Records for this exercise>
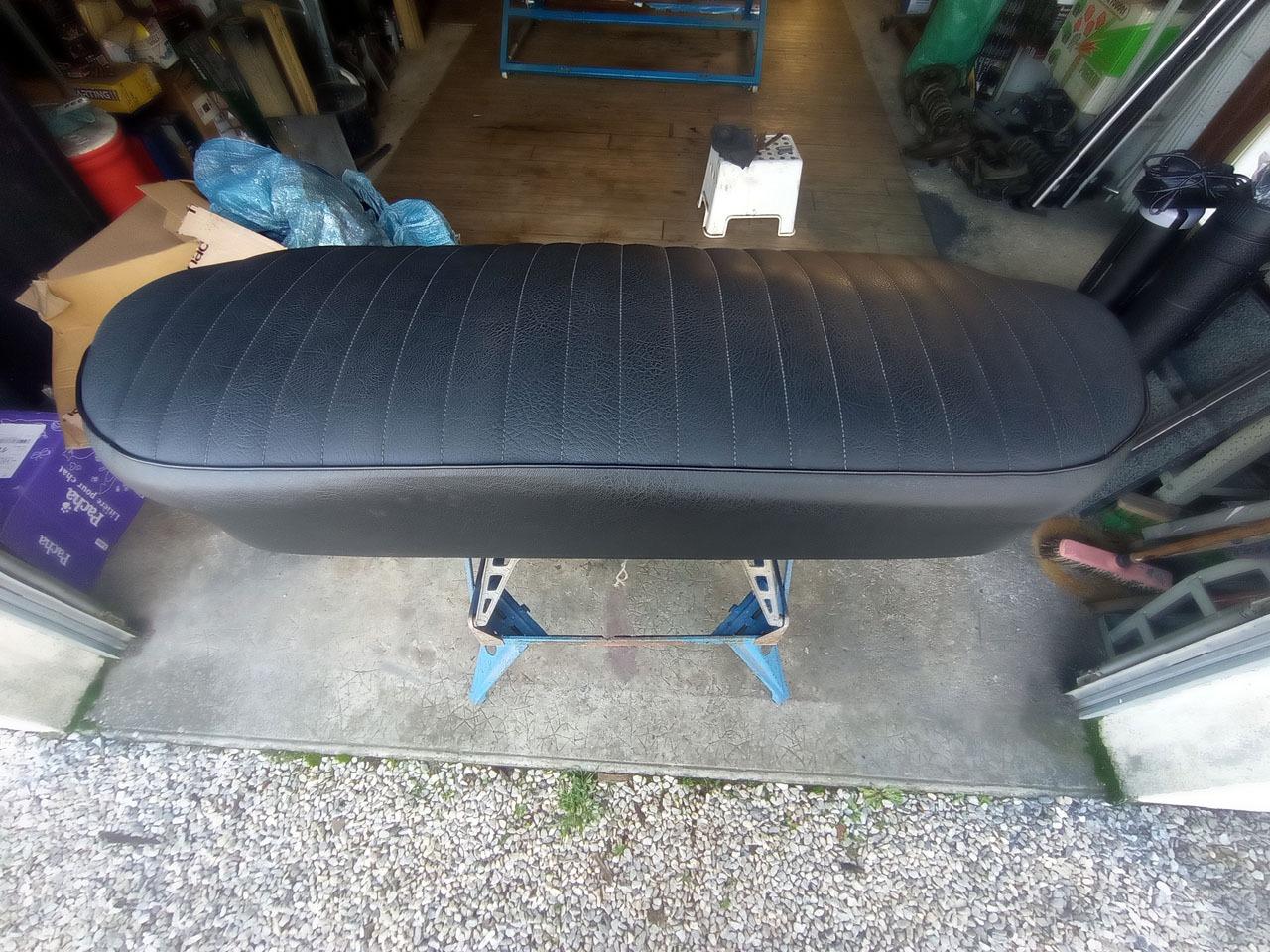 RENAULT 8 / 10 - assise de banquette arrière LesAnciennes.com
==
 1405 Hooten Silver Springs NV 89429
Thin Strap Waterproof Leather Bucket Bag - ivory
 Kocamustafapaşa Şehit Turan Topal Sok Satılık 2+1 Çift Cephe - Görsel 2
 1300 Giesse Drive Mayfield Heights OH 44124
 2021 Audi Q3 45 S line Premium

Problem requirements> Repeat, exactly as they stand above, the lines from the line with "Thin Strap Waterproof" to the line with "2021 Audi Q3 45 S line Premium", both lines included.

Solution to this problem>
Thin Strap Waterproof Leather Bucket Bag - ivory
 Kocamustafapaşa Şehit Turan Topal Sok Satılık 2+1 Çift Cephe - Görsel 2
 1300 Giesse Drive Mayfield Heights OH 44124
 2021 Audi Q3 45 S line Premium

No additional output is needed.